Stored data entries:
▬▬▬

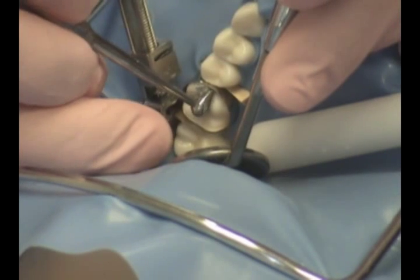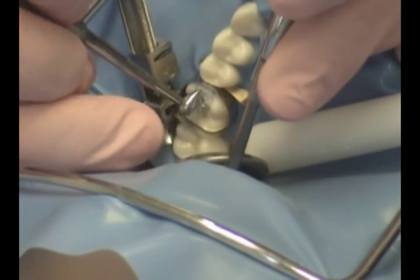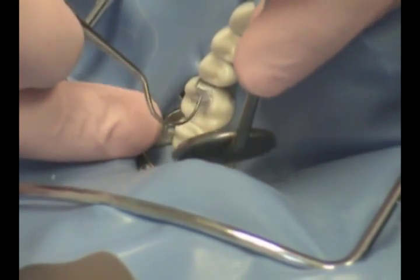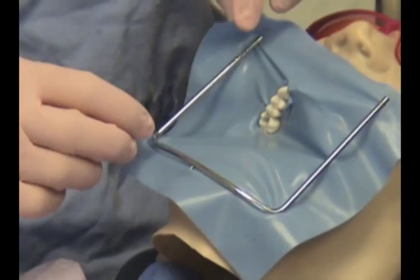Once the preparation is filled, the amalgam will now be carved. Various instruments are used during carving. Once the initial carving is done, the wedge and matrix band are removed. Any additional carving is now continued. Once the carving is completed, the rubber dam clamp will be removed.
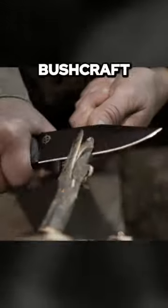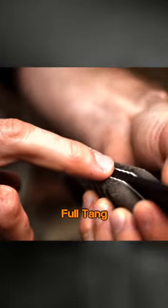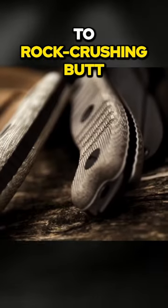Perfect for camping, hunting, bushcraft, tactical applications, or almost any utility cutting need, Pack One Knife boasts a full tang, fixed blade forged from tough edge-retaining 154CM stainless steel that measures 10.2 inches from pointy tip to rock-crushing butt.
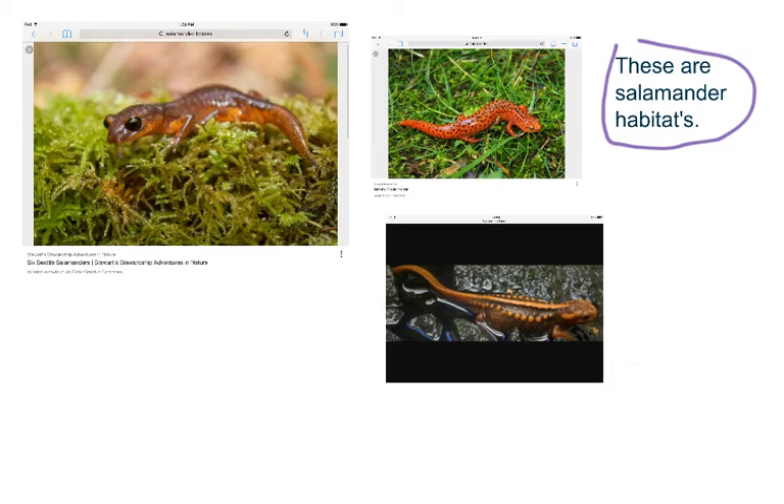These are some salamander habitats. Salamander babies live in water, which is right here. Adult salamanders sometimes hibernate in the ground. And some salamanders just dig underground so they can be safe.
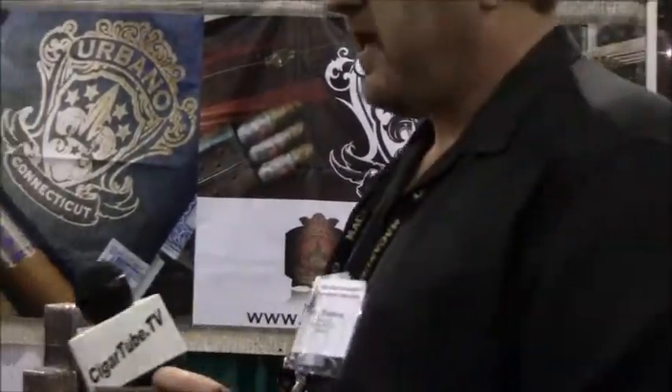Excellent. Well, I appreciate you taking the time and showing us your line. You're welcome, Steve. We wish you much success. Thank you. We'll be talking to you soon. Take care, everybody. Thanks for watching. Urbanocigars.com.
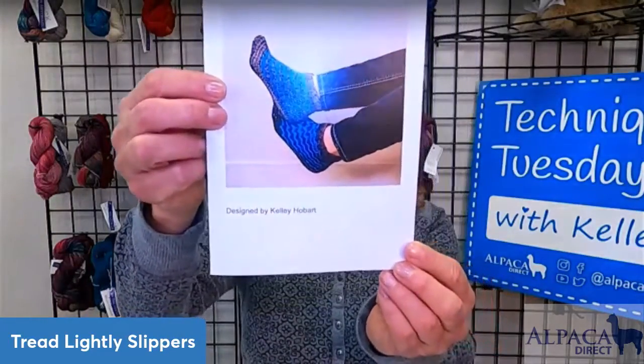Hi, this is Kelly Hilbert from Alpaca Direct, and I'm here looking at the Tread Lightly Slippers, which is our Knit Club project.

▬▬▬

## What this task involves
In the copy, include every record exactly and no pictures.

## Task answer
Once the preparation is filled, the amalgam will now be carved. Various instruments are used during carving. Once the initial carving is done, the wedge and matrix band are removed. Any additional carving is now continued. Once the carving is completed, the rubber dam clamp will be removed.
Perfect for camping, hunting, bushcraft, tactical applications, or almost any utility cutting need, Pack One Knife boasts a full tang, fixed blade forged from tough edge-retaining 154CM stainless steel that measures 10.2 inches from pointy tip to rock-crushing butt.
These are some salamander habitats. Salamander babies live in water, which is right here. Adult salamanders sometimes hibernate in the ground. And some salamanders just dig underground so they can be safe.
Excellent. Well, I appreciate you taking the time and showing us your line. You're welcome, Steve. We wish you much success. Thank you. We'll be talking to you soon. Take care, everybody. Thanks for watching. Urbanocigars.com.
Hi, this is Kelly Hilbert from Alpaca Direct, and I'm here looking at the Tread Lightly Slippers, which is our Knit Club project.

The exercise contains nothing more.